„Man zieht an einem Strick“, sagt Pastor Martin Hufelschulte und tut genau das. Hinter ihm erklingt ein heller Ton, als der Klöppel an die Glockenwand anschlägt. Hufelschulte, der seit diesem Jahr auch Glockensachverständiger im Erzbistum Paderborn ist, braucht kaum Kraft, um den kiloschweren Klöppel zu bewegen, weil er ihn zuvor „ungefähr eine Faustbreit“ an die Glockenwandung herangespannt habe. So haben er und die anderen Mitglieder des Beier-Teams acht Glocken der Kirche St. Cäcilia präpariert und können nun Rhythmen oder Melodien auf ihnen spielen. Damit ist eine jahrhundertealte Tradition eigentlich schon erklärt: das Beiern.
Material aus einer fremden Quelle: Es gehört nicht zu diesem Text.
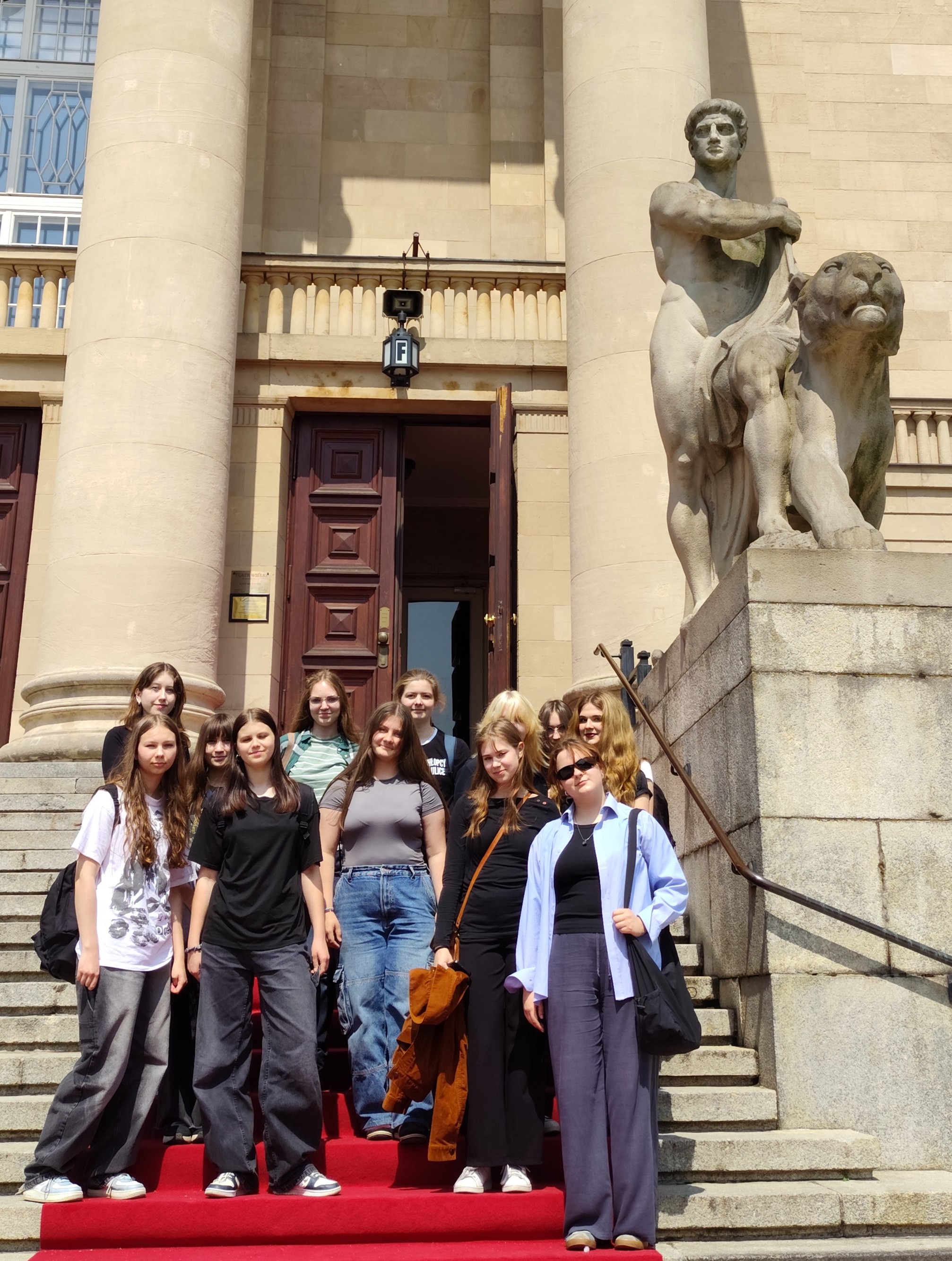 uczniowie w Teatrze Wielkim w Poznaniu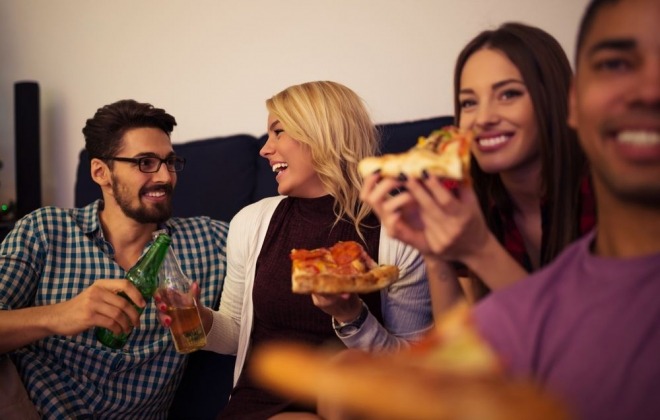 Tudo que você precisa para fazer uma noite da pizza com amigos Tudo que você precisa para fazer uma noite da pizza com amigos
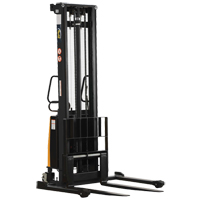 Gerbeur pour chariot &eacute;l&eacute;vateur, Fonctionnement &eacute;lectrique, Capacit&eacute; 2000 lb, Lev&eacute;e max 150" Oxford Builders Supplies Inc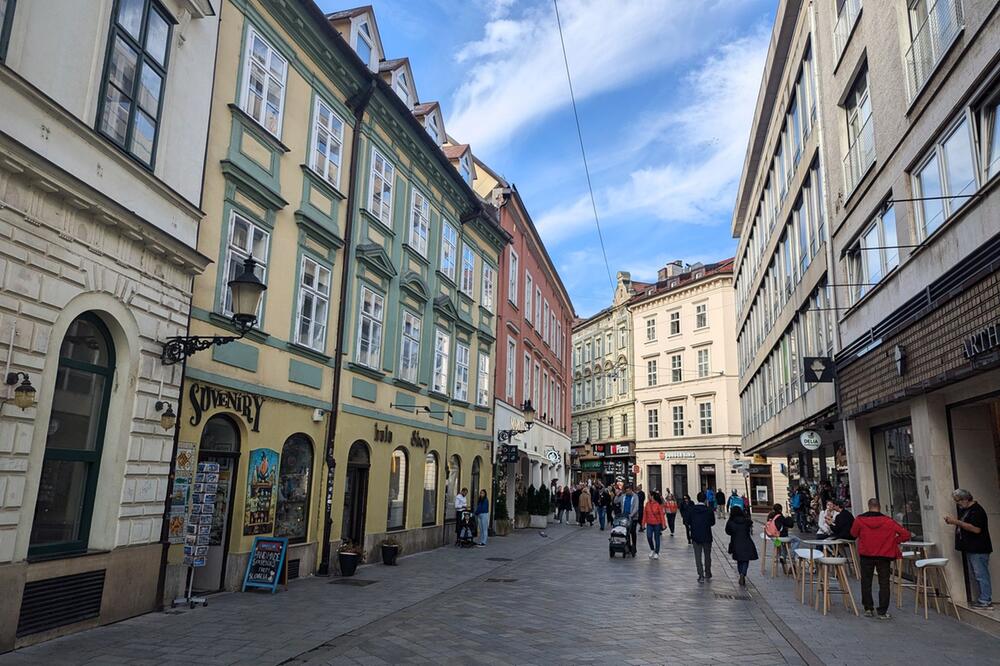 Straßenszene in Bratislava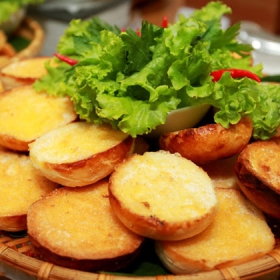 Khách sạn Blue Diamond 3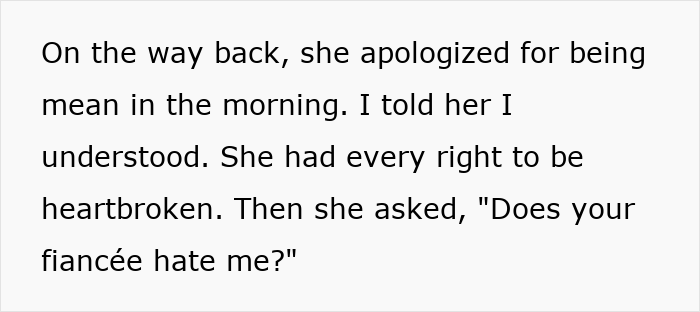 Pregnant woman seeks apology after eating child's cupcake, sparking a heartfelt conversation. Pregnant woman seeks apology after eating child's cupcake, sparking a heartfelt conversation.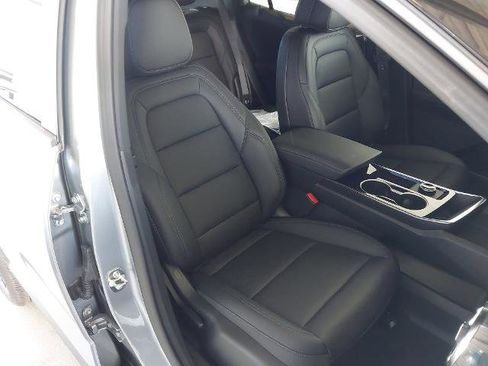 New 2026 Chevrolet Equinox LT w/ Convenience Package II FWD image 28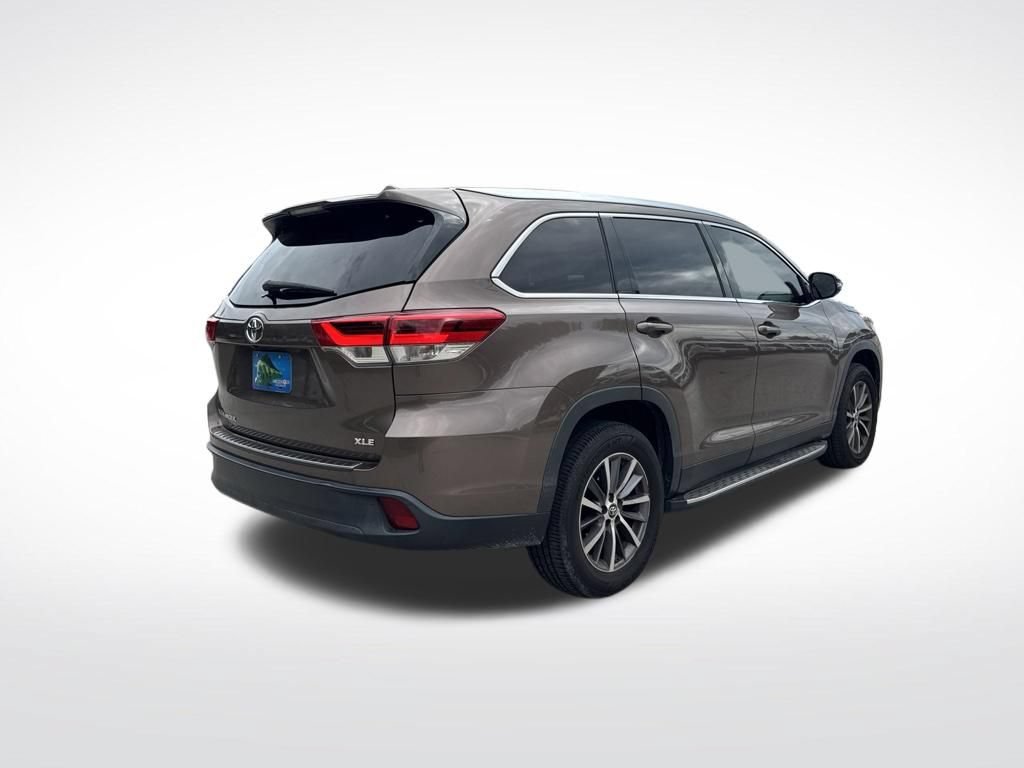 Used 2019 Toyota Highlander XLE FWD image 5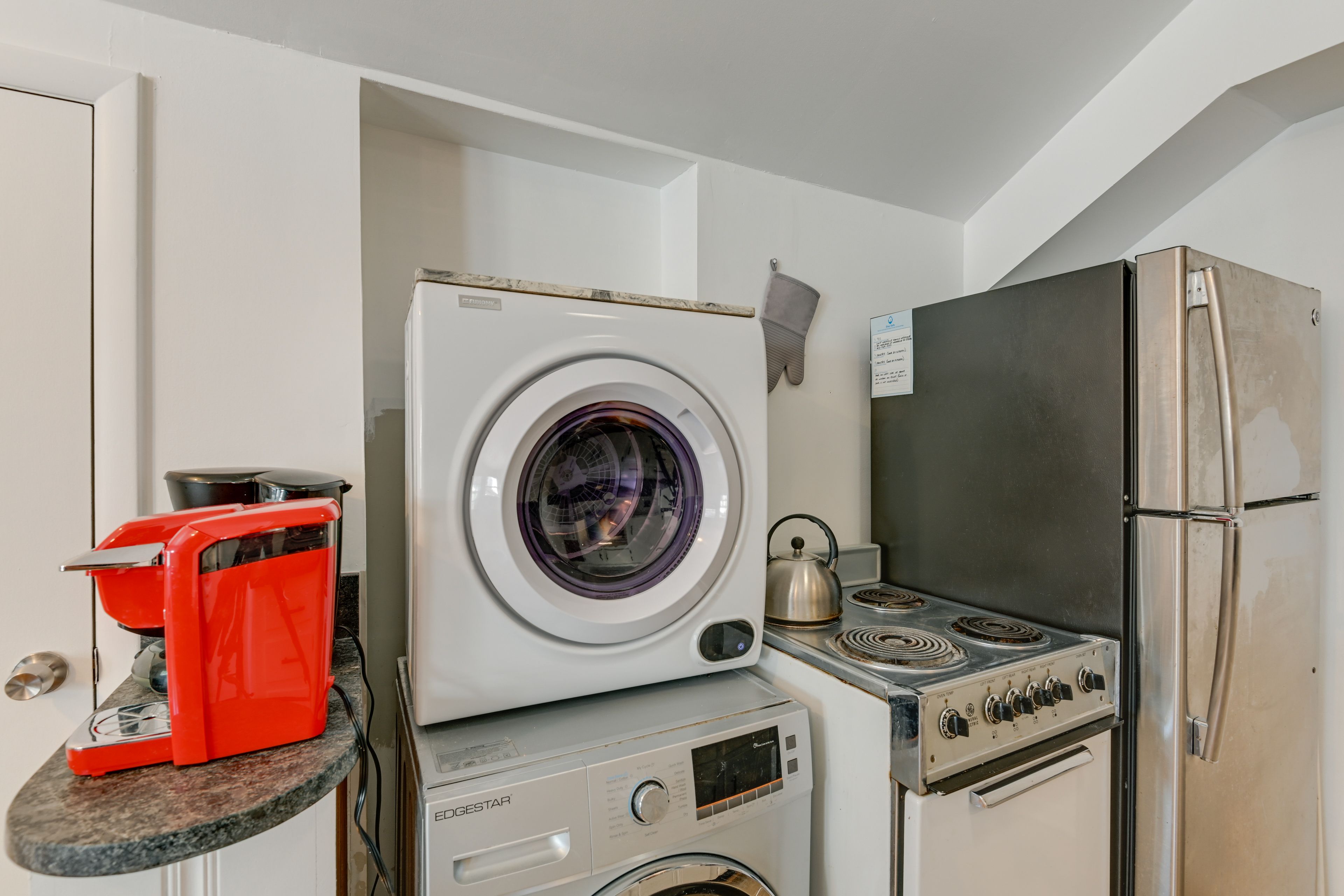 Kitchen | Cooking Basics | In-Unit Laundry | Dishware & Flatware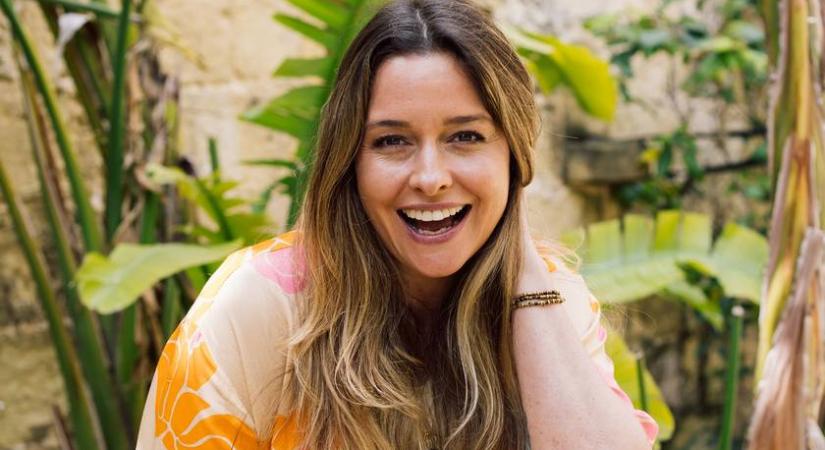 Wossala Rozina testvéreivel és édesapjával ritka fotókon: nővérével főztek ünnepi vacsorát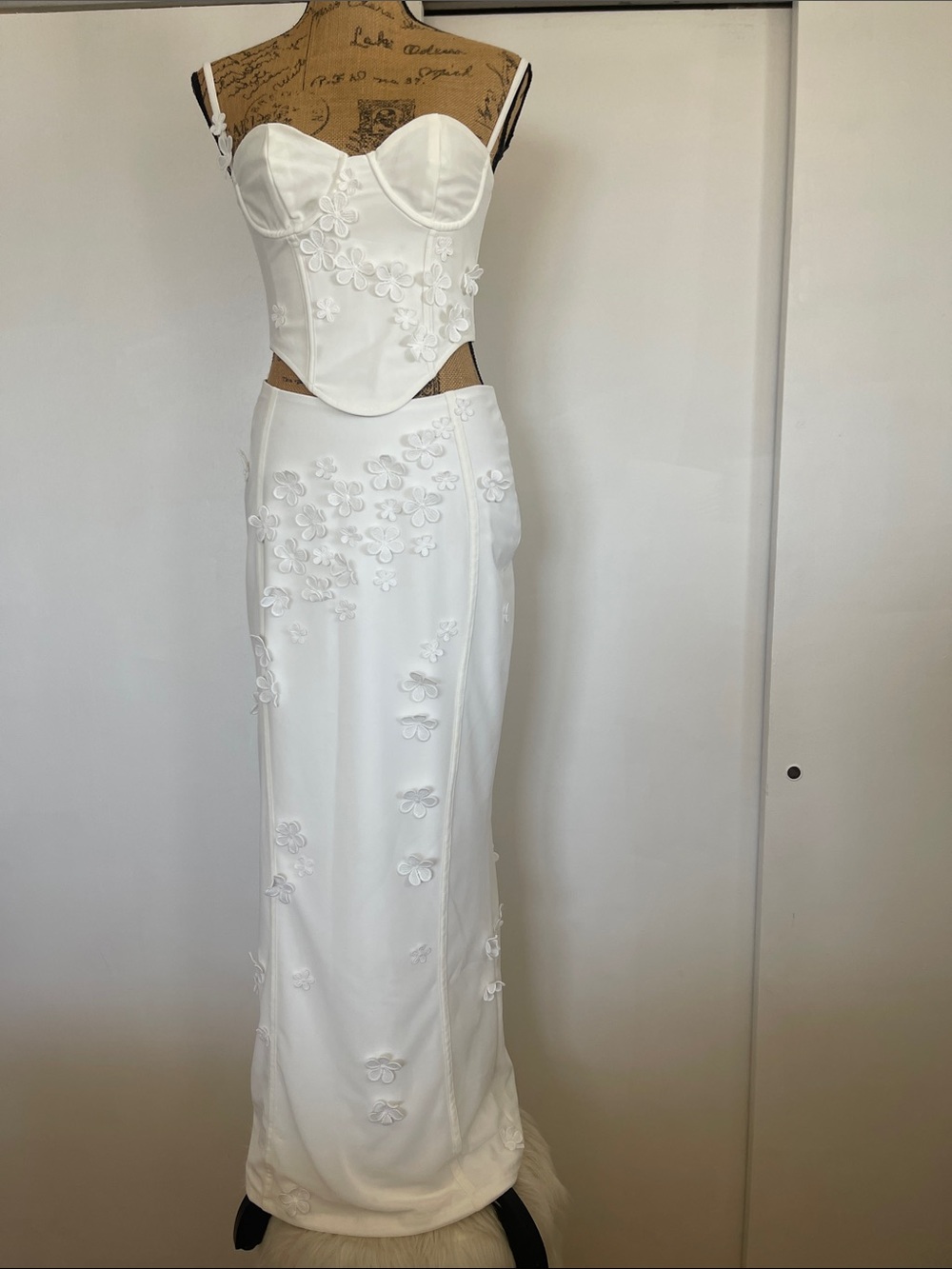 White Floral Appliqué Two-Piece Skirt Set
Doch keine Erklärung reicht an das Gefühl heran, unten am Fuß des Kirchturms zu stehen und zuzuhören, wie sich aus einzelnen Tönen langsam bekannte Kirchen- und Adventslieder formen.
Eine alte Tradition
In Westönnen, einem Ortsteil von Werl im Kreis Soest, wird an der Kirche St. Cäcilia das Beiern lebendig gehalten. Glockenläuten ist den meisten Menschen ein Begriff – Beiern hingegen weniger. Das Beiern unterscheidet sich vom Läuten in zwei Punkten: Zum einen schwingen beim Läuten Glocke und Klöppel, beim Beiern steht die Glocke still. Zum anderen wird beim Beiern der nah an die Glockeninnenwand herangezogene Klöppel von Hand bewegt, was den Ton erzeugt.
Einst war das Beiern in vielen Gemeinden des Erzbistums Paderborn verbreitet, weil das manuelle Läuten der schweren Glocken sehr anstrengend war. Bis etwa 1958 war das auch in Westönnen so. Dann wurde eine elektrische Läutemaschine eingebaut, mit der die Glocken ohne menschlichen Kraftaufwand geläutet werden konnten. Beiern konnte die Maschine allerdings nicht. Der Brauch geriet schon bald in Vergessenheit.